Verizon reveals first 4G wireless tablets, phones


This year, the big national wireless carriers will be racing to stake their claims in the new frontier of service, ultra-fast data access, for smart phones and laptops as well as for gadgets like tablets.

The companies are boosting their wireless data speeds and revving up the marketing hype. They’re moving away from talking about call quality and coverage, and focusing on data speeds, megabits in place of minutes. For consumers, there are benefits in the form of faster service and cooler gadgets. Yet some of the marketing campaigns seem designed to confuse consumers about the gadgets’ speed.

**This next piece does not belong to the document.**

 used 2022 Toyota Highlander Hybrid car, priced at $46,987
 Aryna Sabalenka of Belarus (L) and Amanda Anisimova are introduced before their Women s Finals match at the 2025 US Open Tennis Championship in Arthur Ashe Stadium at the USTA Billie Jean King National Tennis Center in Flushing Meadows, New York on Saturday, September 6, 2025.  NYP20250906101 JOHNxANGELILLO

At the International Consumer Electronics Show in Las Vegas this week, Verizon Wireless revealed the 10 gadgets with built-in access to its new high-speed wireless data network, including smartphones, tablet and laptops. Some are to launch as early as March.

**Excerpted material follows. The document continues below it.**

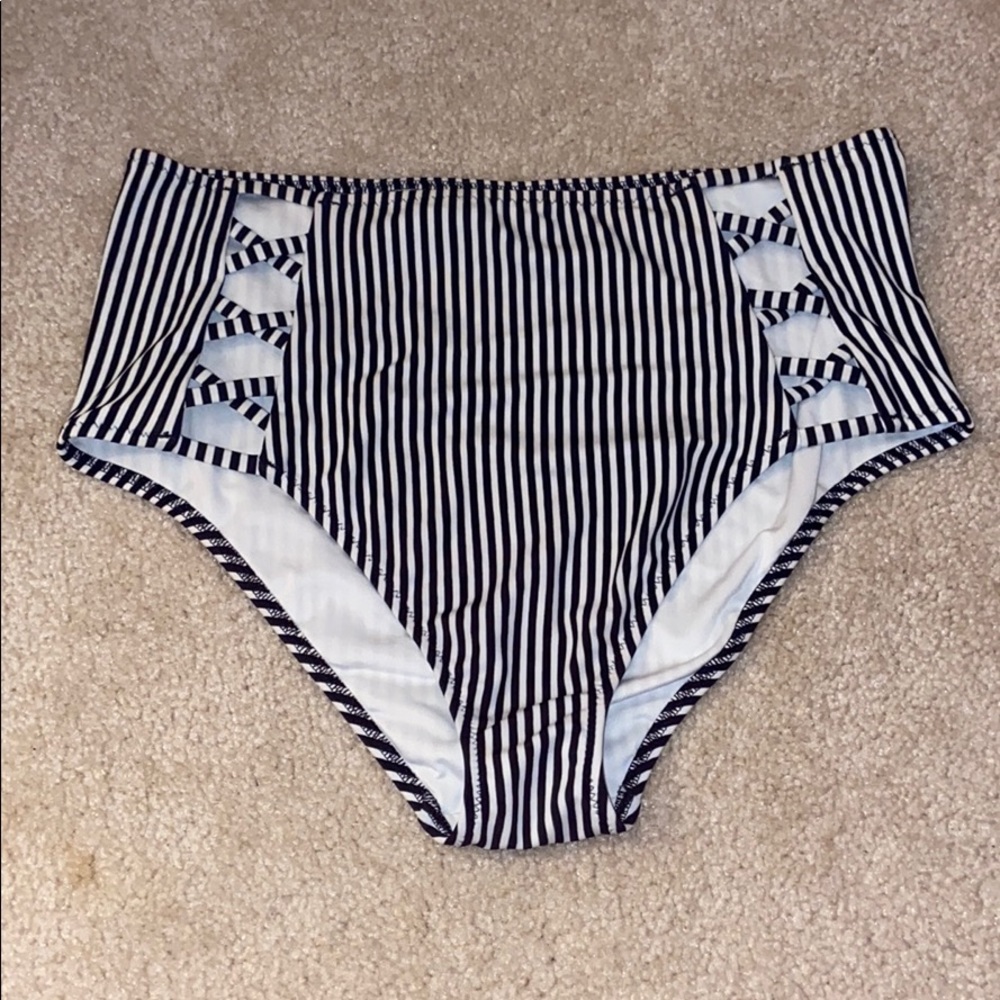 High-waisted swimsuit bottoms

Along with Sprint Nextel Corp.’s subsidiary Clearwire Corp., Verizon is at the forefront of the move to a new network technology, designed to relay data rather than calls. Verizon’s fourth-generation, or “4G” network, went live for laptop modems in last month.

The new wireless network is the nation’s fastest. Verizon is hoping to cash in on that advantage by selling tablets and smartphones that devour data.

One of the devices, Motorola Mobility Inc.’s Xoom tablet, will come with a 10.1-inch (25.65 centimetre) screen and two cameras - one for video chatting, the other for high-definition videos. The Xoom will begin selling by March. Initially, it will work with Verizon’s 3G network but will be upgradeable to work on the speedier 4G network.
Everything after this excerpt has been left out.